While we were waiting for our bus in that little mountain village we were inundated by the usual local people trying to sell us stuff. My wife, being a Colombian native did most of the talking for those negotiations. These little villages along the main roads of Colombia survive on money from people who are just passing through, or waiting for a bus. The local indigenous people sell everything from bags of purified water, to homemade “empanadas” (a meat and potato filled turnover made with corn-meal dough). My wife and I had been surviving on food and water provided by those people for most of our trip. Amazingly, neither of us had been sick yet. Albeit, most of this food had been delicious, you have to wonder about the cooking and cleaning practices in a town that has no running water. Something tells me that if the cook had a choice between using their last bucket of water to wash their hands before cooking, or having water to drink the next day, they’d forego the cleanliness. I tried not to think about stuff like that on that trip. I only thought about how much flavor those homemade items had with their homegrown ingredients.

People sure know how to cook in Colombia. Wow! The food in that country just seemed to have a lot more flavor than the food I was used to in the United States. We really experienced the authentic food of Colombia; “buñuelos, “pandebonos”, “arepas”, you name it and we tried it along
the way. We were on a budget, yet eating very good food. The people who made this food were as poor as one could be, but they could make food like no-one else on earth. The freshness, lack of pesticides, and the nutrient-rich soils also have a lot to do with why the food tastes so good in Colombia.

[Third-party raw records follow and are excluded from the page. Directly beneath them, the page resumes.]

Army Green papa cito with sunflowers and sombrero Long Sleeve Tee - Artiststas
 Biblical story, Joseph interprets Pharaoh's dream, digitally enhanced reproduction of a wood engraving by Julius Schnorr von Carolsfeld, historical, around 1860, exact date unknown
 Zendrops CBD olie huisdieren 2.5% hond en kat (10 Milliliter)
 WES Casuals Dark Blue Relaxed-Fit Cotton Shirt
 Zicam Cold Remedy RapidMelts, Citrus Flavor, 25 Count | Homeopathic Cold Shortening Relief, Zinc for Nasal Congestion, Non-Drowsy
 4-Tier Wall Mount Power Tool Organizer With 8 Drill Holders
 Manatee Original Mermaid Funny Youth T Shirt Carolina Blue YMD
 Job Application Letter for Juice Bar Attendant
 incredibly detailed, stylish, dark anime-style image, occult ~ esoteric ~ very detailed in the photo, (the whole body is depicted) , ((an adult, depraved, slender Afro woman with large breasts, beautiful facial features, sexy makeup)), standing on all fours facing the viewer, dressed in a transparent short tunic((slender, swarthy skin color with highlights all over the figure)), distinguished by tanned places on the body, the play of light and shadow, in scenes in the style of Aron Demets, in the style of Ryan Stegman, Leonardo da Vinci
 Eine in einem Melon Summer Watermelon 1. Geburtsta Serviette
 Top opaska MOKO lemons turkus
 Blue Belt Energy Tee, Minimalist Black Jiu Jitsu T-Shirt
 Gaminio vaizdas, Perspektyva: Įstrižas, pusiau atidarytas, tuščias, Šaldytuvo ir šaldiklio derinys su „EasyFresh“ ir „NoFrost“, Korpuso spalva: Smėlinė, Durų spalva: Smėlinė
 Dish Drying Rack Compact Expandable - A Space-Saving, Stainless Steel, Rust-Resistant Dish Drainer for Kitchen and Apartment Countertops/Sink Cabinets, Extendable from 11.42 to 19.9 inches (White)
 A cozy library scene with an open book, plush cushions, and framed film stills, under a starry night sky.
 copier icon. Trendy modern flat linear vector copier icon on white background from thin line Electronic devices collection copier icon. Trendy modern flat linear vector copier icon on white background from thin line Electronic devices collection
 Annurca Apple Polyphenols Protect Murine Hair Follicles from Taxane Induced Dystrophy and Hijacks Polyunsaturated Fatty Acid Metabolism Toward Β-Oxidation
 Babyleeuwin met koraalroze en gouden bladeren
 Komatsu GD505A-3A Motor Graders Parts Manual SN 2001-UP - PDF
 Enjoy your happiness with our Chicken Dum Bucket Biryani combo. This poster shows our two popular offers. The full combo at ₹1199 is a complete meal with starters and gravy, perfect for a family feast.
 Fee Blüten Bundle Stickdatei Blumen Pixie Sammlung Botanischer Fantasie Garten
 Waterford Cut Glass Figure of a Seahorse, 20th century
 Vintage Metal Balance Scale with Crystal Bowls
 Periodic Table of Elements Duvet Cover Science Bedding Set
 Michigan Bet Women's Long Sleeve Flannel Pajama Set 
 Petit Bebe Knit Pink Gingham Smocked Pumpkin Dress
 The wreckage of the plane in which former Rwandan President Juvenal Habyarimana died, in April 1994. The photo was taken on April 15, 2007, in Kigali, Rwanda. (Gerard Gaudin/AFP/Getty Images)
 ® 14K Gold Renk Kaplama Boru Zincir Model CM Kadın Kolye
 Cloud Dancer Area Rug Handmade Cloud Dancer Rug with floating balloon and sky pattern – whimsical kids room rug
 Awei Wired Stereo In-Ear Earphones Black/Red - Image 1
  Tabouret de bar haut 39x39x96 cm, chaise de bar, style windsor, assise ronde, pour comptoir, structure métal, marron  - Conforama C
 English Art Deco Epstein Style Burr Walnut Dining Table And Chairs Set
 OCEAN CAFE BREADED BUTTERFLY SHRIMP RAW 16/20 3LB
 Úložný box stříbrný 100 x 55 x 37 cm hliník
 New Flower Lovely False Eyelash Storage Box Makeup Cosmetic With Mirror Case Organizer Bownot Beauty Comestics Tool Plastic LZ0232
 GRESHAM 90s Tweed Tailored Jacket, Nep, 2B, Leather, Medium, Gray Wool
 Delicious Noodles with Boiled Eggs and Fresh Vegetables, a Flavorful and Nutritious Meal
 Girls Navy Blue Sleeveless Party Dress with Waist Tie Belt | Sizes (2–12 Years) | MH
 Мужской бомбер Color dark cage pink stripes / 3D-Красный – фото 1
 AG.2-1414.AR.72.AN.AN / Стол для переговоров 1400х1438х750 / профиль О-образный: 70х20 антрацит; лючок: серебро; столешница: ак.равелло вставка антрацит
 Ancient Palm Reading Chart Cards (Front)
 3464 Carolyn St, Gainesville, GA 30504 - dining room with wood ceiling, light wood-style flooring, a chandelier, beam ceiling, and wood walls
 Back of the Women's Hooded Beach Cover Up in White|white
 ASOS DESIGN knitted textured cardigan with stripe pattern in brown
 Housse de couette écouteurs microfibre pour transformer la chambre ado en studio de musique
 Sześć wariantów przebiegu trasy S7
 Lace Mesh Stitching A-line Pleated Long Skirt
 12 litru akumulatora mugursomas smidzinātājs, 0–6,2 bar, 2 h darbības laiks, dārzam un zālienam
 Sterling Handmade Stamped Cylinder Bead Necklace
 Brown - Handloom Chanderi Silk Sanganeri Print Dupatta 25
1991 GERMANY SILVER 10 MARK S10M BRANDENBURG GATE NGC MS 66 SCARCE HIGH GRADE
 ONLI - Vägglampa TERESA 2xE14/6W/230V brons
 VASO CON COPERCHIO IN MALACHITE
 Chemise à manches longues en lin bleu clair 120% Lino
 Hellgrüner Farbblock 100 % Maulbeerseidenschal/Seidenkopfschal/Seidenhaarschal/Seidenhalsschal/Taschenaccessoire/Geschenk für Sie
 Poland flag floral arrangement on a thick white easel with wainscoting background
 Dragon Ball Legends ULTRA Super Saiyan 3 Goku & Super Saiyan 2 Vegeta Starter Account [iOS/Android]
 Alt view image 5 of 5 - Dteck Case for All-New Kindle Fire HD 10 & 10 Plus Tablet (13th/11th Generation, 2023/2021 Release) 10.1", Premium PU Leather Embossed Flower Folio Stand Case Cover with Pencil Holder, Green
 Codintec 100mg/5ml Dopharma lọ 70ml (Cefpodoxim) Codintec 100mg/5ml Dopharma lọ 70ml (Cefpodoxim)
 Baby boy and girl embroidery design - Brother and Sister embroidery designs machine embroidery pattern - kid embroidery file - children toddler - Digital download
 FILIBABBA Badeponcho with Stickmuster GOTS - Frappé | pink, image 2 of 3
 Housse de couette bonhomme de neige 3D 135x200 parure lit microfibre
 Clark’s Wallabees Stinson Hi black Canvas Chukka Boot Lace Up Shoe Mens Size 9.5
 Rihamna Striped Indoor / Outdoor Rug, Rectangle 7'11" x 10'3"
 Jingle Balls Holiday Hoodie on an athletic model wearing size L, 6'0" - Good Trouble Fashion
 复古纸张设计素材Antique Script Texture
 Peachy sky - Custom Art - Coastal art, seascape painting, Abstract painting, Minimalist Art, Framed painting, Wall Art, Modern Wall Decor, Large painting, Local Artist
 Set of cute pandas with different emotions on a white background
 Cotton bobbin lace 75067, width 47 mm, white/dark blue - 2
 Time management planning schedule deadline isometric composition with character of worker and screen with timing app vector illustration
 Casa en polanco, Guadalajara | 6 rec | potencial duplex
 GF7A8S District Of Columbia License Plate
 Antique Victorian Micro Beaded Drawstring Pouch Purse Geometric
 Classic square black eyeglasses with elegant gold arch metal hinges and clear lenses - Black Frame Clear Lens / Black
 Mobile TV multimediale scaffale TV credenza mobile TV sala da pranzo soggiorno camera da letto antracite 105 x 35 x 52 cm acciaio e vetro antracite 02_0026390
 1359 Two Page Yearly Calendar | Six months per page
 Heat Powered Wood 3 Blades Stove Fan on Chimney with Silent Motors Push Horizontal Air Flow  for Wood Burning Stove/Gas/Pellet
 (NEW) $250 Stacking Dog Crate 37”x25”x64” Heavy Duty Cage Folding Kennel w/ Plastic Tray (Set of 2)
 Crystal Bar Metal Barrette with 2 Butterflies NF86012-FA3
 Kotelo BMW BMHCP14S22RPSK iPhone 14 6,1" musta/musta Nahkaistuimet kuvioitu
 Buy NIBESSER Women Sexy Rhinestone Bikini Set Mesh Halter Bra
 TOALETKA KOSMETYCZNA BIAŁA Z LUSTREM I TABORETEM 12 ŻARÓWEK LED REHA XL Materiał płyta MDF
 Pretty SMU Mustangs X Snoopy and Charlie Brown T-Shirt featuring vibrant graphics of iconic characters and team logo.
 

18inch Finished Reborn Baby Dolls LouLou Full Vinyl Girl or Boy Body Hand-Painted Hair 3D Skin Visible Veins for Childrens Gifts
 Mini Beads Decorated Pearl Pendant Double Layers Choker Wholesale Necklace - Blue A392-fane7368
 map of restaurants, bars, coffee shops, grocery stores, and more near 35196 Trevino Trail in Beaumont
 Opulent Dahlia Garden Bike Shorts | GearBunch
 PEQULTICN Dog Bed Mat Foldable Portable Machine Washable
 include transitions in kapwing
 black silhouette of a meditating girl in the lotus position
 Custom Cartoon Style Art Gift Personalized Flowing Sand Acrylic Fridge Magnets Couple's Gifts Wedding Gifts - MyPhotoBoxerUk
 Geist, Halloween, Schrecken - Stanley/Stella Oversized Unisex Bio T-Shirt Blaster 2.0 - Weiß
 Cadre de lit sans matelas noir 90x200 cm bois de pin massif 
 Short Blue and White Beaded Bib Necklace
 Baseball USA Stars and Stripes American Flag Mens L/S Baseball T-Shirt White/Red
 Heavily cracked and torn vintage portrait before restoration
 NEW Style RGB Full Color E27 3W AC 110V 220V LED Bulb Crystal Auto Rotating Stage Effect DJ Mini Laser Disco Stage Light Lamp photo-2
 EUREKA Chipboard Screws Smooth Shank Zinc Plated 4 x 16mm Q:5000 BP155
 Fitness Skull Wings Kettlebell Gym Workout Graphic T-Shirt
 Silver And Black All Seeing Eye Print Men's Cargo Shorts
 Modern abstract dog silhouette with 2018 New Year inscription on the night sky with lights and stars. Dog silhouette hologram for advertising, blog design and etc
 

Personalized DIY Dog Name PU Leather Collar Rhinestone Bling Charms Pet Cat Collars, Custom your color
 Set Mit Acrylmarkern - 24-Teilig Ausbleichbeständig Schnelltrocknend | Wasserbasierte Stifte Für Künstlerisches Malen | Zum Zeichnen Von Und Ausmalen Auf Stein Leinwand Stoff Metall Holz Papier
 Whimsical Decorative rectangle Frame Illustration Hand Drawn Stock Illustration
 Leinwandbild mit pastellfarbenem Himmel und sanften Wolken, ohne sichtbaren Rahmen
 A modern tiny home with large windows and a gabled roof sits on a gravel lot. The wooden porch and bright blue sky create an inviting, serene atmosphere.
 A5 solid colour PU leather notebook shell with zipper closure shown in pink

After we ate our share of “empanadas” that we purchased from a little old village woman carrying a hand-woven basket, we were ready for a freshly blended fruit smoothie. There were always several of these little smoothie stands in every town that we stopped at along the way, and we always made sure that we sampled at least one. No matter how small of a stand, the vender always had electricity to run their blender, ice box, and boom-box. I immediately ordered a couple of “tomate de árbol “smoothies at a nearby stand, and then we sat down on an old wooden bench provided by the smoothie vendor.

We were told by the driver of the last bus that our next bus should be along in “no time at all”. It had been my experience up to that point that this bus driver may, or may not be right. Sometimes the bus came right away and the transfer went smoothly. Other times we ended up waiting long periods of time between transfers. Those ones did not go so smoothly.

The mountain roads and leftist guerilla laden areas that these busses travel through can cause long delays, to say the least. Hanging out in that small town in the middle of nowhere in the foothills of the Andes Mountains waiting for a bus was quite nerve-racking. The local people of those types of towns were always very suspicious of anyone that stayed behind after a bus came through. Most people just passed right through. They were especially suspicious of a Gringo with a surfboard and a Colombian wife. There was a war going on in that country. Everywhere we went everyone wanted to know whose side we were on. As we were sitting in that dusty, one-horse town in a remote area of Colombia, I knew we were in for a long, harrowing wait.